Provided records: Begin

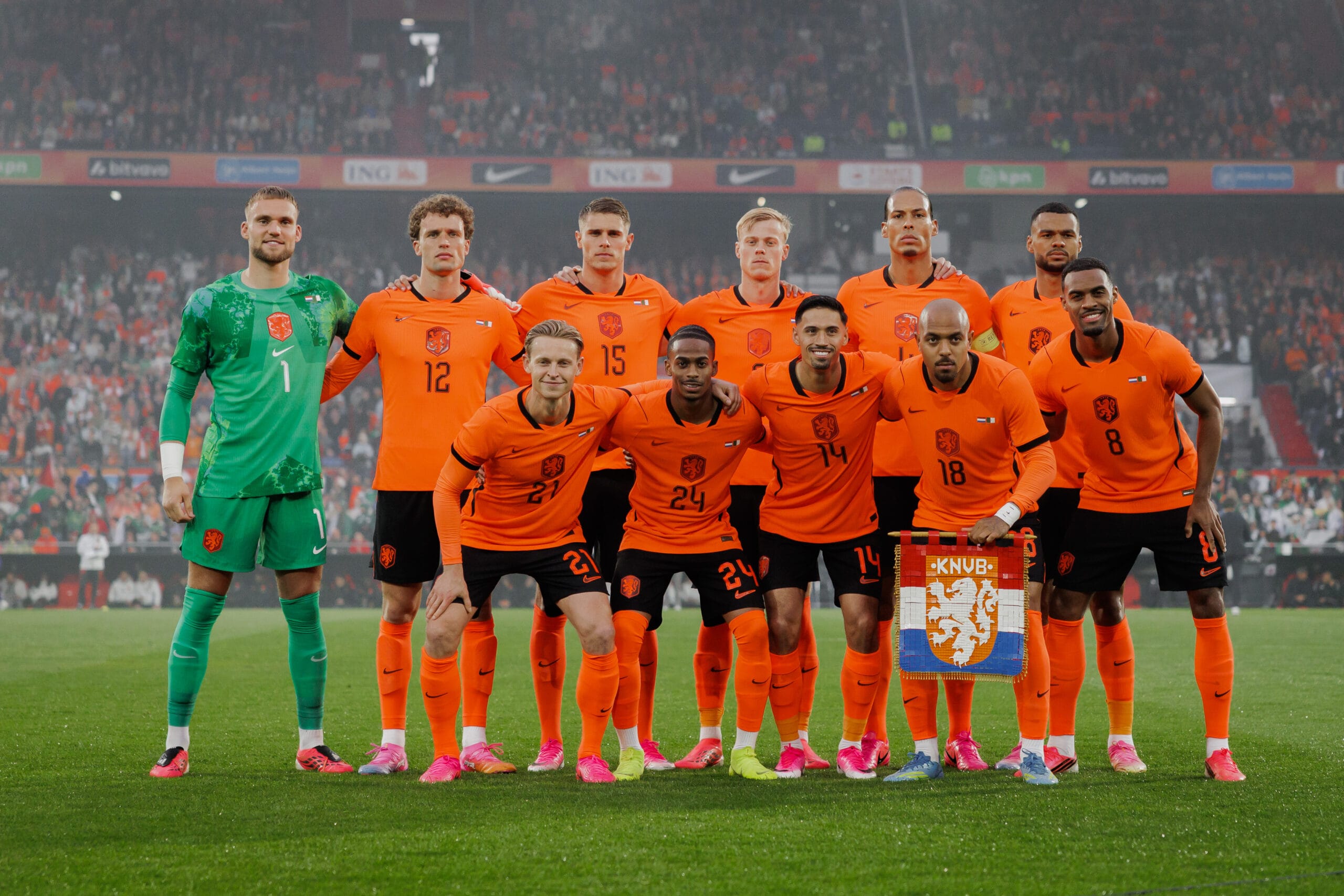 Het Nederlands elftal poseert voor de aftrap in een vol stadion. De spelers dragen het oranje thuistenue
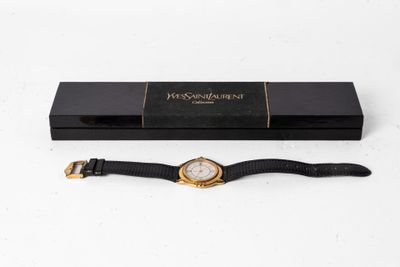 une montre noire et dorée avec un bracelet noir, présentée dans un coffret noir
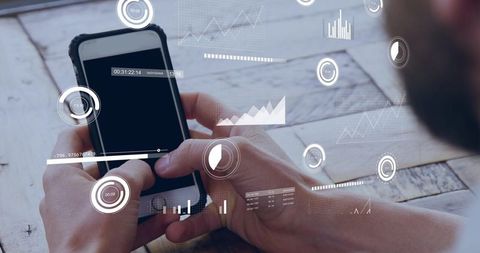 Hands holding smartphone with augmented data overlays showing charts and hud analytics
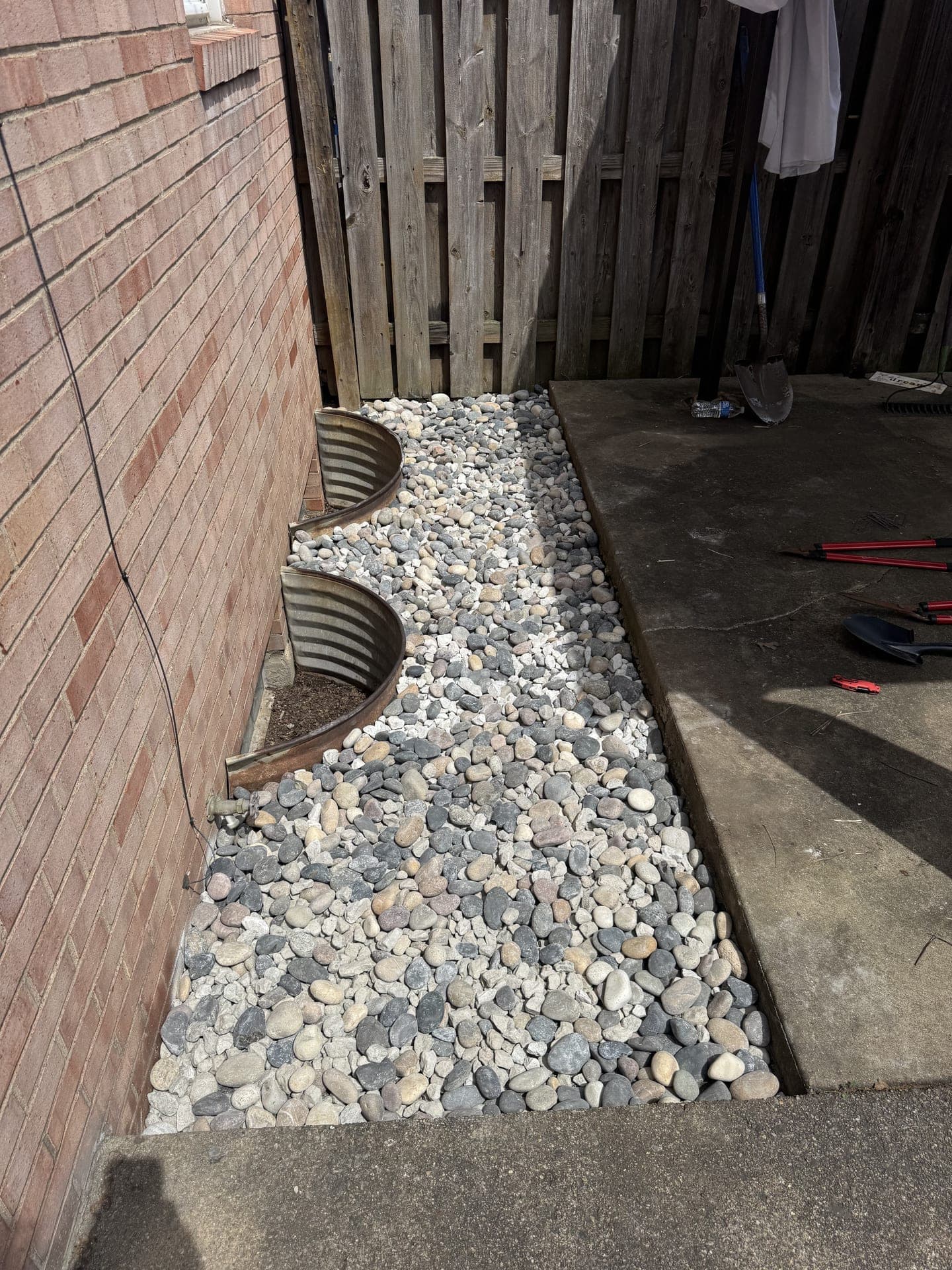Stone landscape bed after cleanup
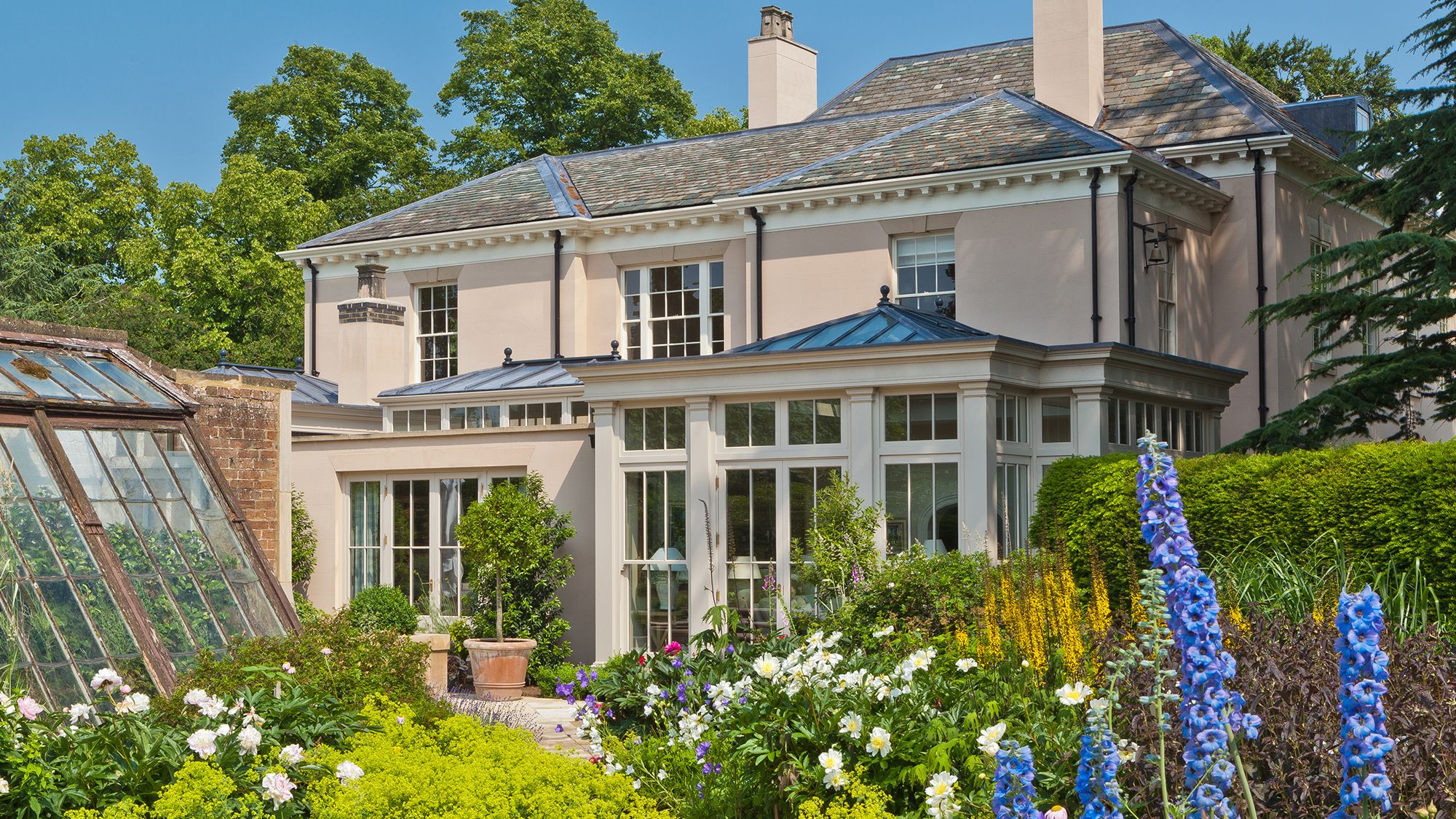 Image may contain: Plant, Garden, Nature, Outdoors, Architecture, Building, Housing, Cottage, House, Manor, and Window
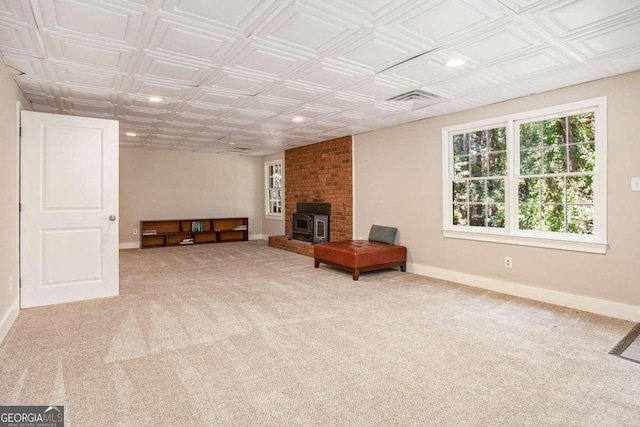 carpeted living room with a wood stove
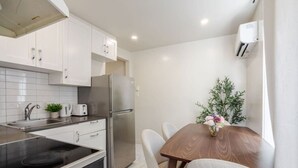 A modern kitchen with white cabinets, stainless steel appliances, a dining table with chairs, and a potted plant. - Magnificent Apartment in Montréal (Montreal)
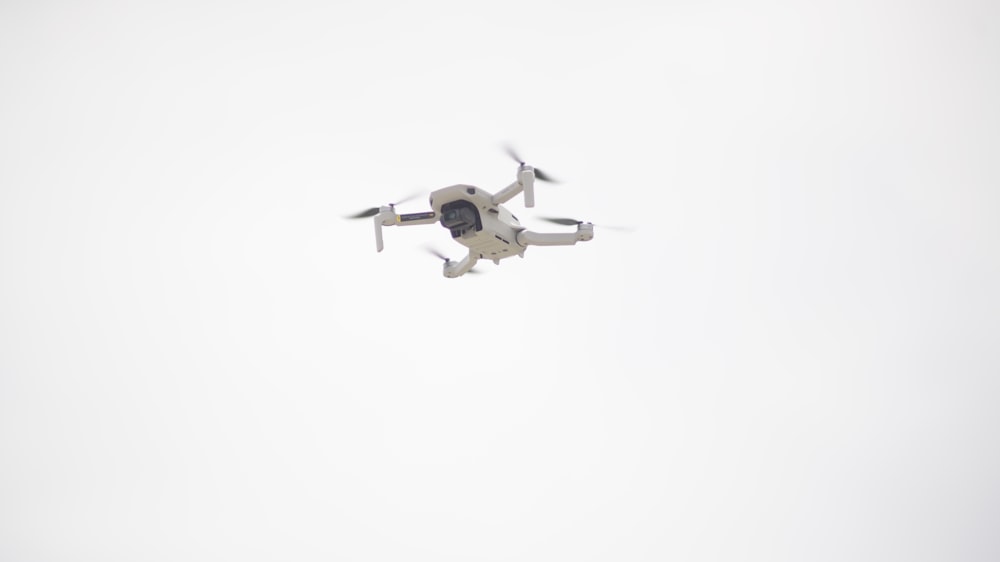 white and black drone flying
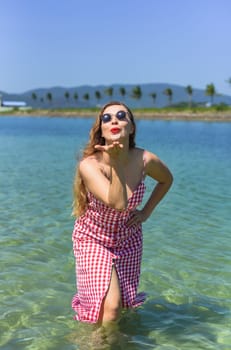 Bright blond young woman standing in sea and sending air kiss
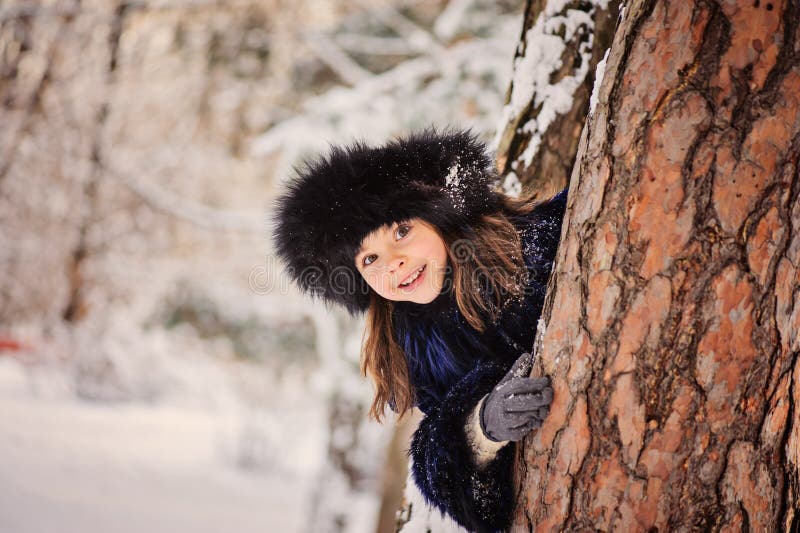 De gelukkige kindmeisje het spelen huid - en - zoekt in de winterbos royalty-vrije stock fotografie De gelukkige kindmeisje het spelen huid - en - zoekt in de winterbos royalty-vrije stock fotografie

Provided records: End

■ **Work required**
Output the lines, exactly: the first line of the entries above, every line after it, and the line with "Bright blond young" as the last. No pictures.

■ **Exercise result**
 Het Nederlands elftal poseert voor de aftrap in een vol stadion. De spelers dragen het oranje thuistenue
 une montre noire et dorée avec un bracelet noir, présentée dans un coffret noir
 Hands holding smartphone with augmented data overlays showing charts and hud analytics
Stone landscape bed after cleanup
 Image may contain: Plant, Garden, Nature, Outdoors, Architecture, Building, Housing, Cottage, House, Manor, and Window
 carpeted living room with a wood stove
 A modern kitchen with white cabinets, stainless steel appliances, a dining table with chairs, and a potted plant. - Magnificent Apartment in Montréal (Montreal)
 white and black drone flying
 Bright blond young woman standing in sea and sending air kiss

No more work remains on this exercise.